------ SUPPLIED ENTRIES ------
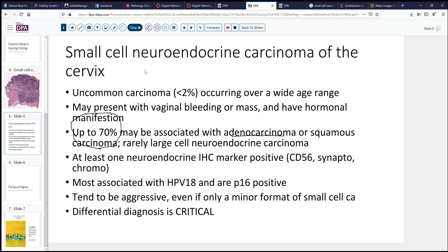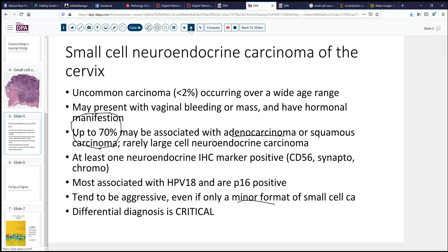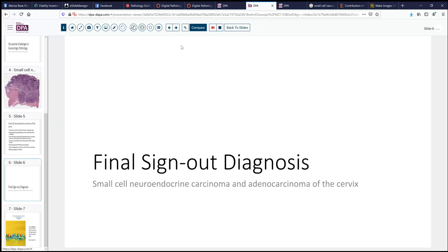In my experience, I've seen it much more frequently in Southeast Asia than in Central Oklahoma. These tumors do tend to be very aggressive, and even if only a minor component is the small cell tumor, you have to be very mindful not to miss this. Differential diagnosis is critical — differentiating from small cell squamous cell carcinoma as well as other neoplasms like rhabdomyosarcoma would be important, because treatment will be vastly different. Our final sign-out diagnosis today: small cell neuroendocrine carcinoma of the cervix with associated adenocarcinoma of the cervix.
------
------ SUPPLIED ENTRIES ------
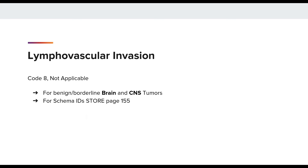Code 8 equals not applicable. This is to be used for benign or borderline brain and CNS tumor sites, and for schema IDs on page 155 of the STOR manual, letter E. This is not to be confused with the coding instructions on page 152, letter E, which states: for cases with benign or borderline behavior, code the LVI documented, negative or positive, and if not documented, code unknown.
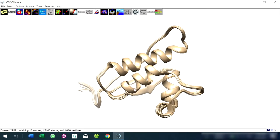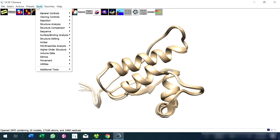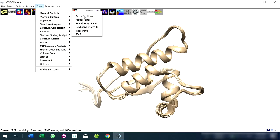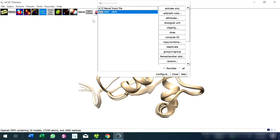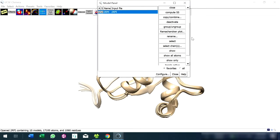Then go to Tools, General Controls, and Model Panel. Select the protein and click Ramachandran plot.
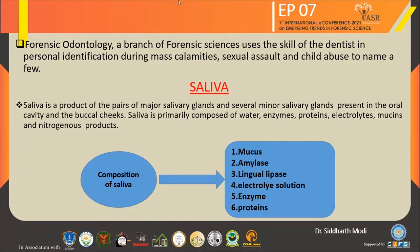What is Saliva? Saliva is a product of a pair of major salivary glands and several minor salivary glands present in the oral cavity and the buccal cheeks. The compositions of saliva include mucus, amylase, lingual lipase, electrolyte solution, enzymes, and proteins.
------
TASK PROMPT: Both boundary lines included, write out word for word only the lines above from the one containing "Code 8 equals" to the one containing "What is Saliva?", leaving out any pictures.

TASK RESPONSE:
Code 8 equals not applicable. This is to be used for benign or borderline brain and CNS tumor sites, and for schema IDs on page 155 of the STOR manual, letter E. This is not to be confused with the coding instructions on page 152, letter E, which states: for cases with benign or borderline behavior, code the LVI documented, negative or positive, and if not documented, code unknown.
Then go to Tools, General Controls, and Model Panel. Select the protein and click Ramachandran plot.
What is Saliva? Saliva is a product of a pair of major salivary glands and several minor salivary glands present in the oral cavity and the buccal cheeks. The compositions of saliva include mucus, amylase, lingual lipase, electrolyte solution, enzymes, and proteins.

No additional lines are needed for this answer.